Hi! Thanks for replying! Can you clarify this a bit further? Is it necessary that my employer applies for my work permit at the ZAV? or can I do it on their behalf if they refuse to do so? The procedure to be followed is to mail the necessary documents at their (ZAV) address right? Do you know how long this procedure takes or any way of speeding up the process? I have all the necessary documents, but my internship starts in a month..


----------



## ALKB (Jan 20, 2012)

aniruddha said:


> Hi! Thanks for replying! Can you clarify this a bit further? Is it necessary that my employer applies for my work permit at the ZAV? or can I do it on their behalf if they refuse to do so? The procedure to be followed is to mail the necessary documents at their (ZAV) address right? Do you know how long this procedure takes or any way of speeding up the process? I have all the necessary documents, but my internship starts in a month..

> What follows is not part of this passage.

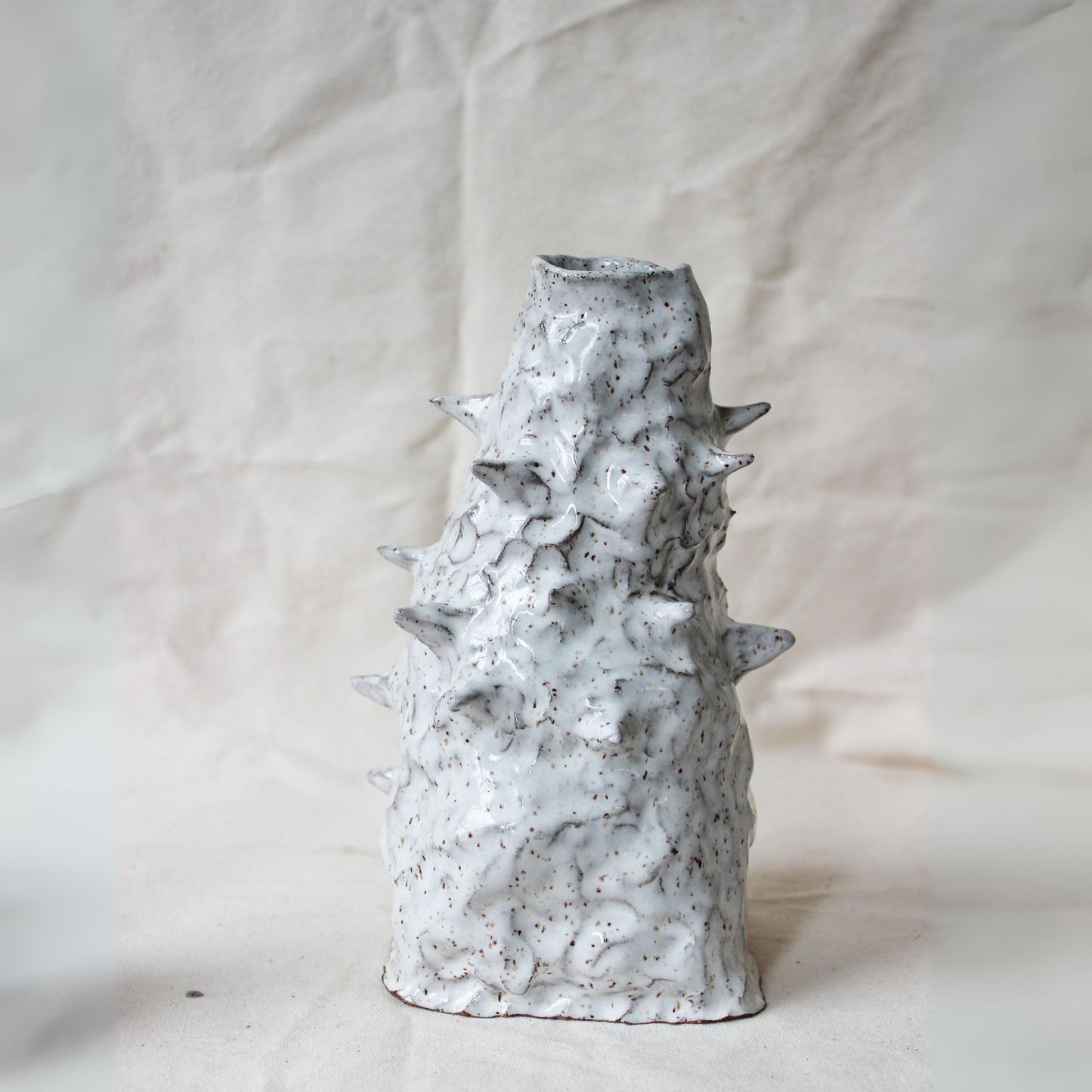 White Spike Ceramic Vase by Rowan Willigan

Your Spanish residence card allows you to visit other Schengen states for up to 90 days out of 180. You are not allowed to take up work outside of Spain unless you get a work permit.

Your employer has to contact ZAV with all necessary documents. If the application is complete, processing should not take longer than 3 weeks.

The NOC will be sent to your employer.

Once you arrive in Germany, go to the local Ausländerbehörde and get your residence/work permit. 

Studienfachbezogene Praktika - www.arbeitsagentur.de


----------



## aniruddha (May 27, 2014)

ALKB said:


> Your Spanish residence card allows you to visit other Schengen states for up to 90 days out of 180. You are not allowed to take up work outside of Spain unless you get a work permit.
> 
> Your employer has to contact ZAV with all necessary documents. If the application is complete, processing should not take longer than 3 weeks.
> 
> ...


I still have a doubt. After my employer gets the work permit, they will send it to me and then I have to apply for a Visa in the German embassy in Madrid right? My employer asked for a tax id and a social security pass. I believe these will be done when the ZAV sends the work permit NOC to my employer. And I would require a visa to stay longer than the 90 days. Is it possible that I apply for a visa from Frankfurt itself(based on the Spanish residency card) ? Or do I have to come to Madrid again to do it?

Thanks for your help! Really appreciate it!


----------



## ALKB (Jan 20, 2012)

aniruddha said:


> I still have a doubt. After my employer gets the work permit, they will send it to me and then I have to apply for a Visa in the German embassy in Madrid right? My employer asked for a tax id and a social security pass. I believe these will be done when the ZAV sends the work permit NOC to my employer. And I would require a visa to stay longer than the 90 days. Is it possible that I apply for a visa from Frankfurt itself(based on the Spanish residency card) ? Or do I have to come to Madrid again to do it?
> 
> Thanks for your help! Really appreciate it!


No visa required.


1. Your employer applies for the NOC at ZAV

2. You arrive (with your Spanish residence permit, this is your Schengen visa so to speak) in Germany

3. You go to the local Ausländerbehörde and they then issue your work/residence permit. THIS is the important document that allows you to stay for the duration of your internship. 

4. Tax ID you can only get after registering your residence at the local municipality, same with social security number


----------